**PROBLEM REQUIREMENTS**
Please transcribe only the lines between the one containing "21041 Black Canyon" and the end of the records, both ends included, exactly as written; skip every picture.

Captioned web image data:
=====
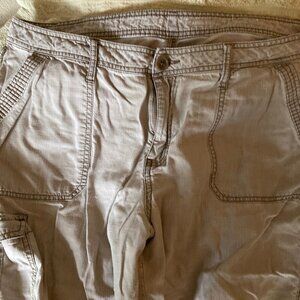 Sonoma Light Brown with dark brow stitching Capri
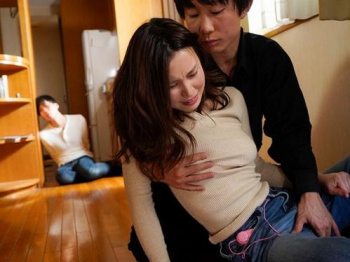 【他人妻輪姦】借金のカタに輪姦されるスレンダー他人妻！旦那の目の前で犯され続ける気の毒な妻！の画像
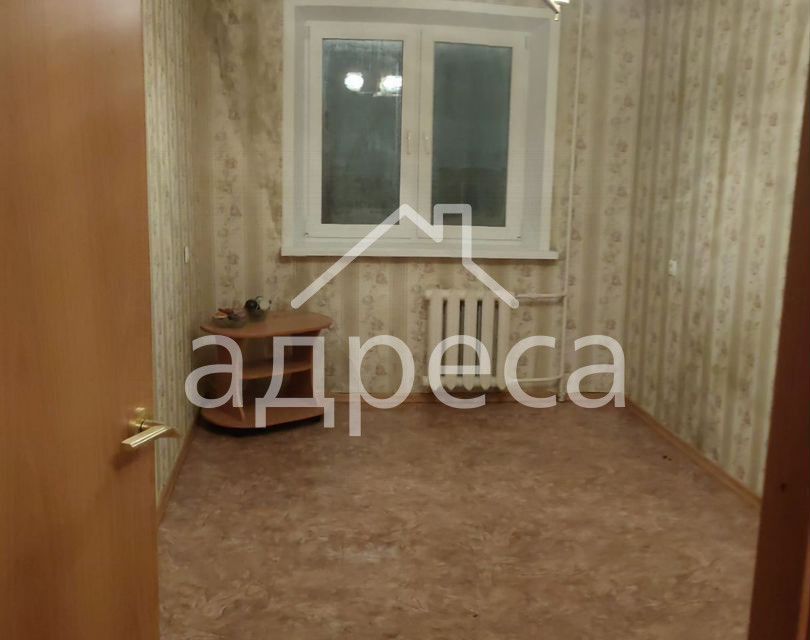 Продаётся 3-комнатная квартира, 56.4 м²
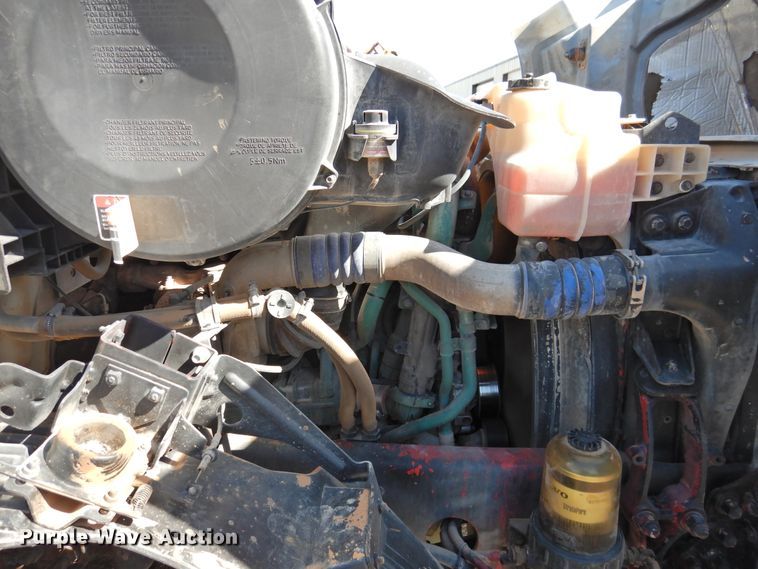 image for item DJ8372 2012 Volvo VNM  semi truck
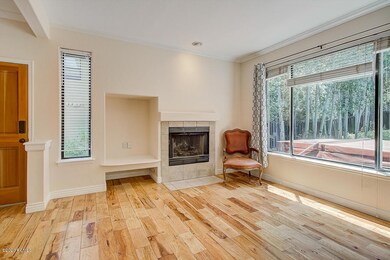 Cottage Loop MLS-6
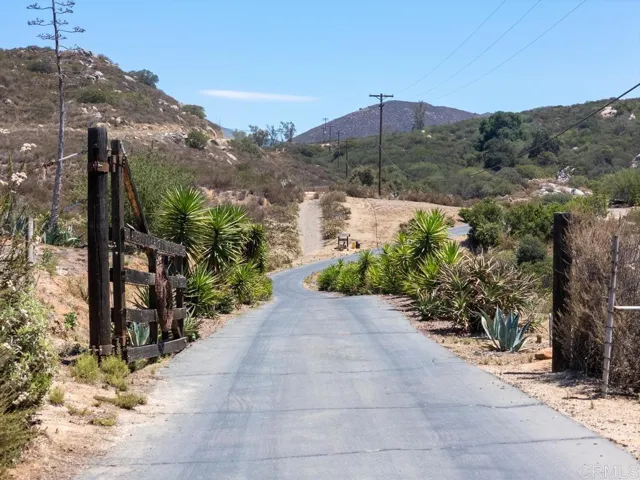 21041 Black Canyon Road, Ramona, California 92065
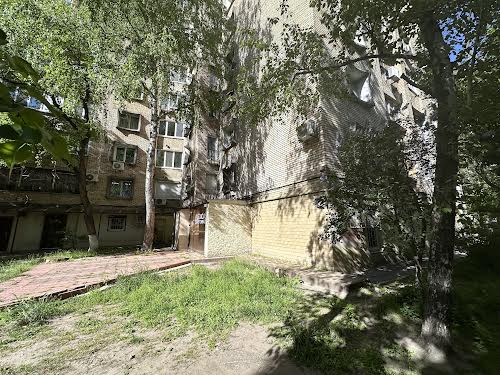 комерційна за адресою Саксаганського, 45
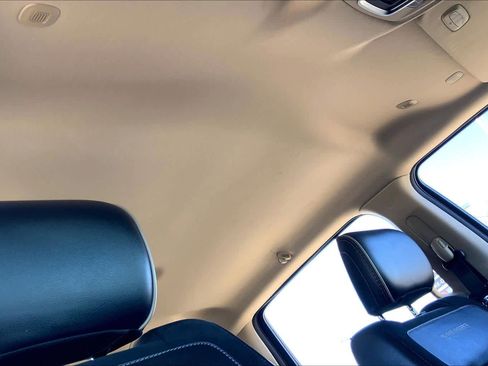 Used 2021 RAM 1500 Laramie image 12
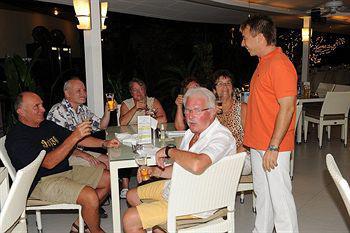 Hangout Phuket By Kly 3*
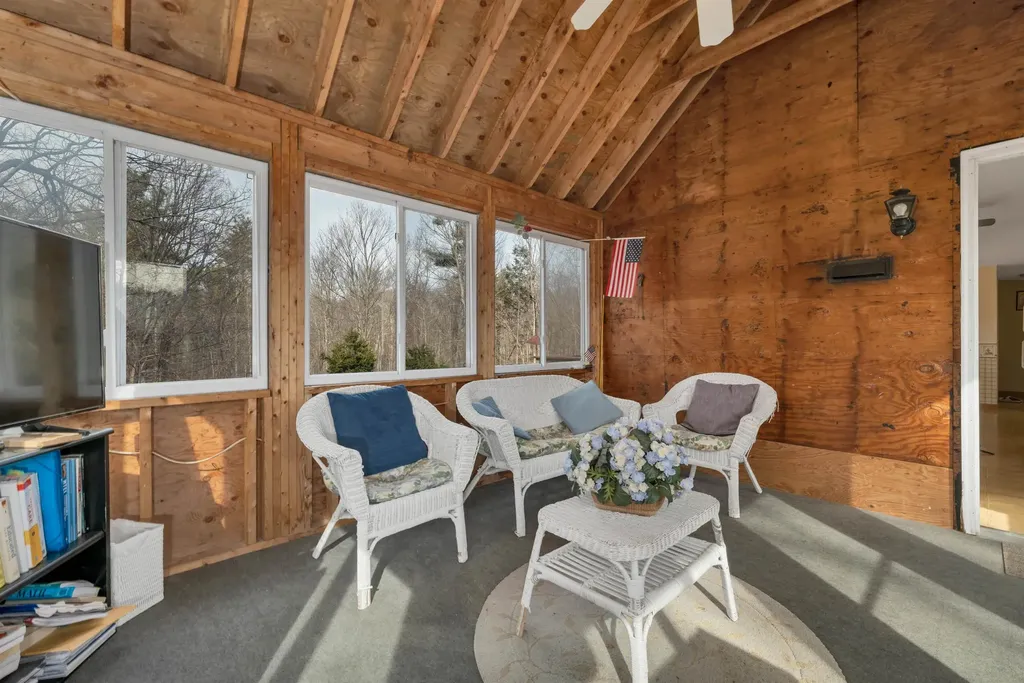 102 Sanborn Road East Kingston NH 03827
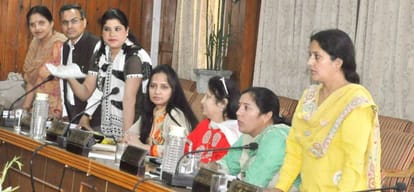 MC shimla will launch mobile app to stop overcharging in parking.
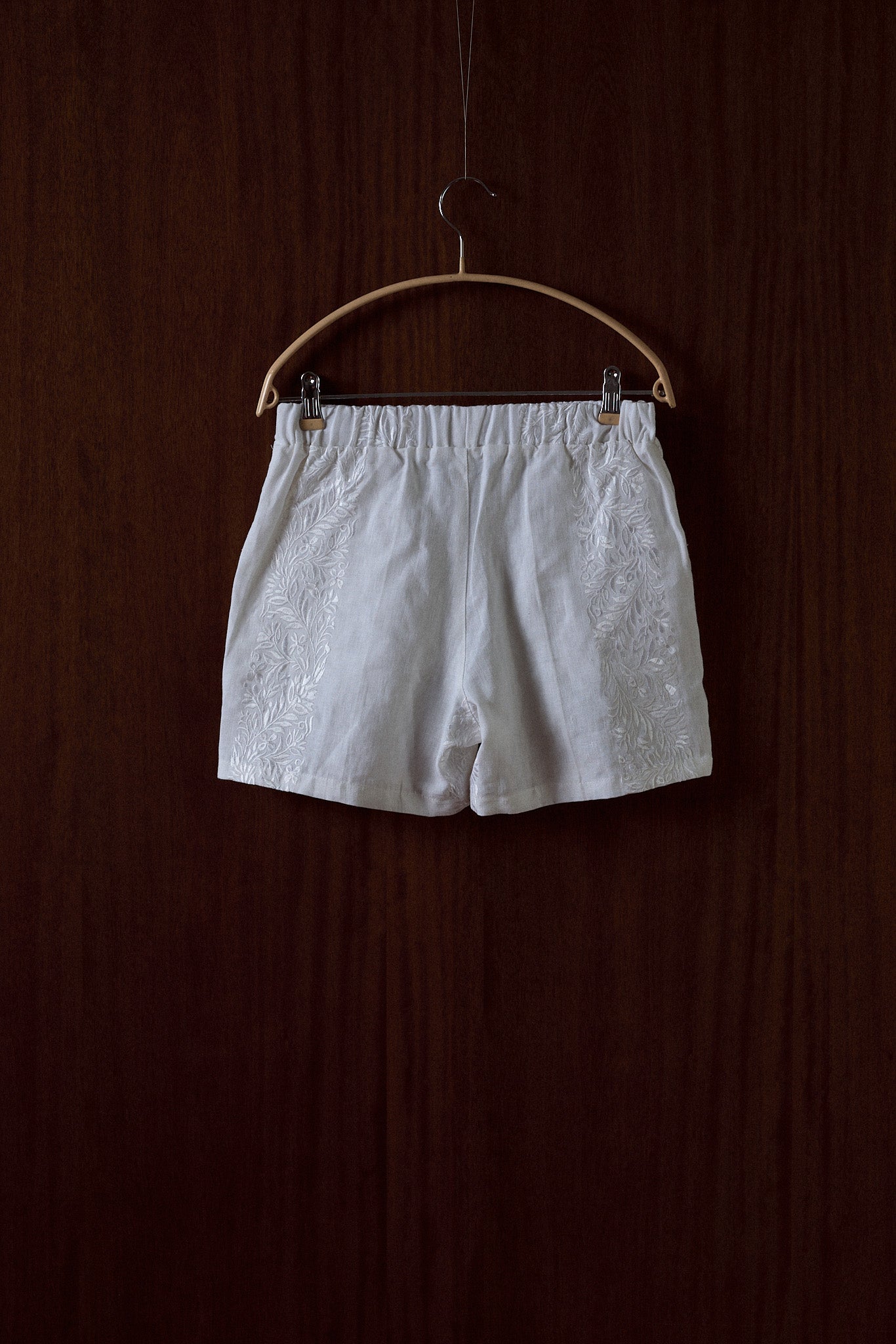 Embroidery Magnolia Short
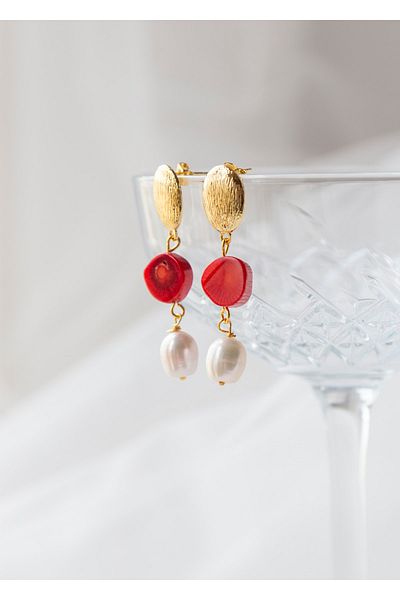 CHARMLUCKY Natural Coral-pearl Dangle Earrings
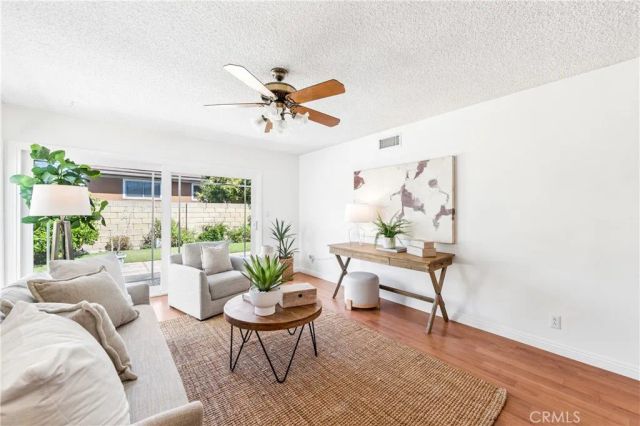 16372 Redlands, Huntington Beach, CA 92647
=====
**RESPONSE TO THE EXERCISE**
 21041 Black Canyon Road, Ramona, California 92065
 комерційна за адресою Саксаганського, 45
 Used 2021 RAM 1500 Laramie image 12
 Hangout Phuket By Kly 3*
 102 Sanborn Road East Kingston NH 03827
 MC shimla will launch mobile app to stop overcharging in parking.
 Embroidery Magnolia Short
 CHARMLUCKY Natural Coral-pearl Dangle Earrings
 16372 Redlands, Huntington Beach, CA 92647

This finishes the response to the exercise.